Evaporation of seawater produces amorphous calcium-magnesium carbonate when aragonite precipitation is inhibited

As a metastable precursor to crystalline carbonate minerals, amorphous calcium-magnesium carbonate (ACMC) has been implicated in the formation of enigmatic fabrics and minerals, such as calcite microspar, fibrous cements and fabric-retentive dolomite, that characterise both modern and ancient carbonate systems (e.g. Wang et al., 2012). The detection of nanocrystals within ancient dolomicrite, using high-resolution transmission electron microscopy, strengthens this hypothesis (Meister & Frisia, 2019).

However, it has remained unclear whether natural, abiotic processes could produce ACMC, because of a requirement for extreme carbonate supersaturation. This study tests the hypothesis that – in the presence of micromolar concentrations of aqueous phosphate, which can inhibit aragonite precipitation (Roest-Ellis et al., 2021) – the evaporation of Neoproterozoic seawater may have increased alkalinity, pH, and carbonate saturation enough to precipitate ACMC in shallow-water settings.

We conducted evaporation experiments using phosphate-free and phosphate-bearing ([PO₄]_Total = 50 μmol/kg) synthetic seawater with Tonian composition. Solution samples, pH and alkalinity measurements were collected at regular intervals over 9-14 days. Final solids were collected and analysed using X-ray diffraction, Raman spectroscopy, and scanning electron microscopy.

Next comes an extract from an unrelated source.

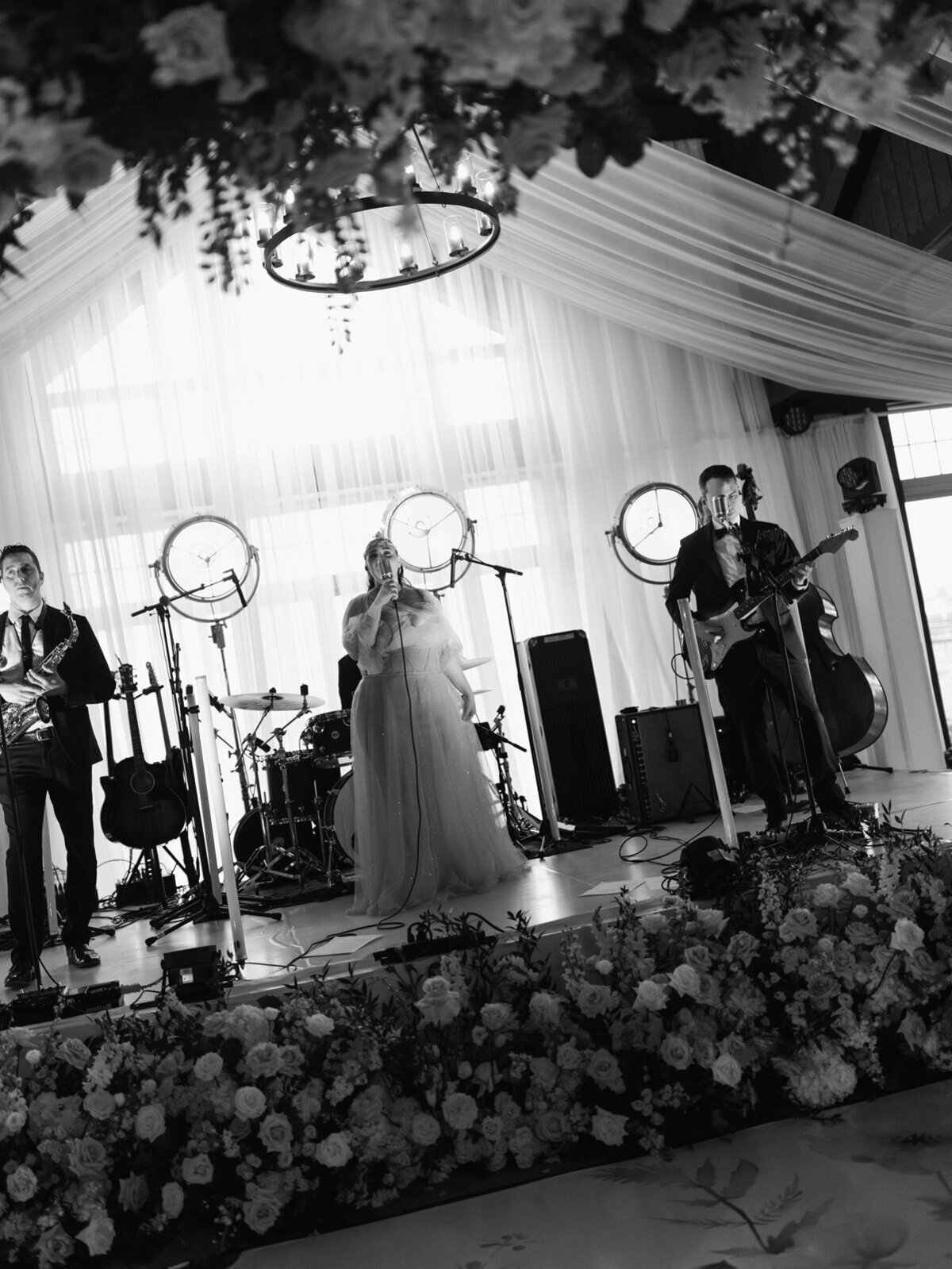 1760-Emilie and Beau Married © 2025 Will Reid Photo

Experimental data show that phosphate-bearing seawater undergoing evaporative concentration reaches increasingly high alkalinity, pH and carbonate saturation until the first solid phase forms. Analytical data indicate that ACMC precipitated during evaporation of phosphate-bearing seawater, whereas aragonite dominated in phosphate-free systems. When evaporating the water more slowly, the ACMC is observed to recrystallise into other metastable carbonate minerals – either fibrous monohydrocalcite or needles of hydromagnesite, depending on the solution’s initial Mg/Ca ratio.

These results suggest that low concentrations of species which inhibit crystalline carbonate precipitation allow extreme carbonate supersaturation to be reached upon evaporation. We speculate that this pathway may have facilitated platform-scale production of metastable precursors to syndepositional and early diagenetic dolomite in shallow-water late Proterozoic carbonate sediments, consistent with sedimentological and stratigraphic evidence for evaporation.